# throttle



## chromeankit (Jan 29, 2014)

Can I use a simple resistive potentiometer instead of an expensive hall effect throttle?
I have bought a motor controller for an ebike and the manufacturer has recommended to use a Hall effect throttle and not to use resistive potentiometer without giving me the reason. I don't have time and money to buy a new throttle. I googled about it and found that both do the same function of varying voltage and hall effect throttle is more sensitive and accurate than ordinary resistive pot. What should I do now? the link for motor controller: 
http://www.electricscooterparts.com/hookup/SPD-361000wiring.htm


----------



## dougingraham (Jul 26, 2011)

You can use a regular pot for the throttle position sensor. The problem is when it gets noisy (and it will) you can have unwanted throttle commands. This is a problem that does not happen with a Hall type sensor. These unwanted commands can cause surging or even full throttle commanded when you don't particularly want that.

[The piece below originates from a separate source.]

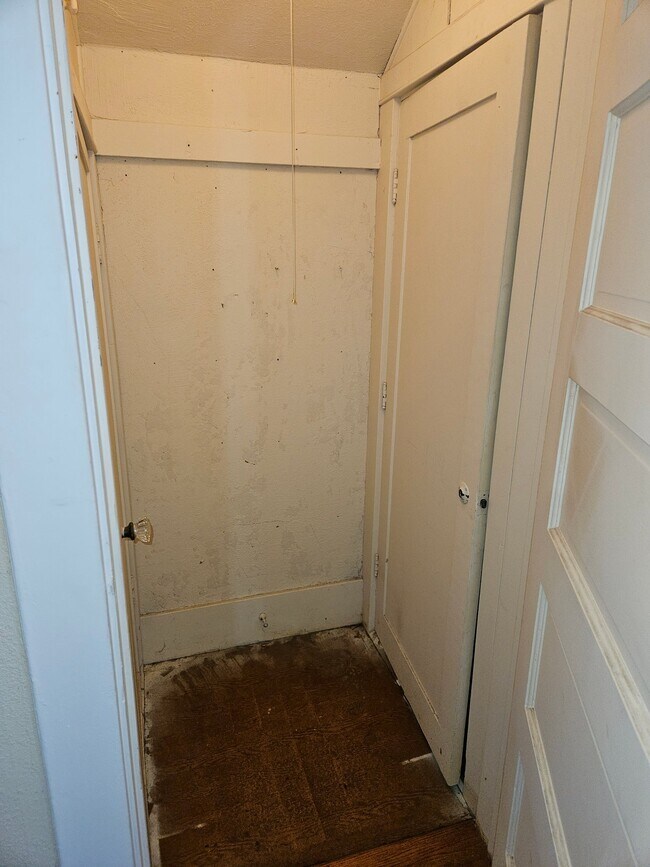 Foto del edificio - 1424 W 37th Dr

I don't know if anyone has looked for an inexpensive hall device that could be repurposed for this application.


----------



## RIPPERTON (Jan 26, 2010)

chromeankit said:


> Can I use a simple resistive potentiometer instead of an expensive hall effect throttle?
> I have bought a motor controller for an ebike and the manufacturer has recommended to use a Hall effect throttle and not to use resistive potentiometer without giving me the reason.


Expensive Hall effect throttle ?????
they are like $15 bucks on Ebay and a Magura pot throttle is $50 plus.

http://www.ebay.com.au/itm/Electric...776?pt=LH_DefaultDomain_0&hash=item334a07aba8

Sorry I ripped you off $10
http://www.ebay.com.au/itm/Universa...orcycle_Parts_Accessories&hash=item1c2c323930


----------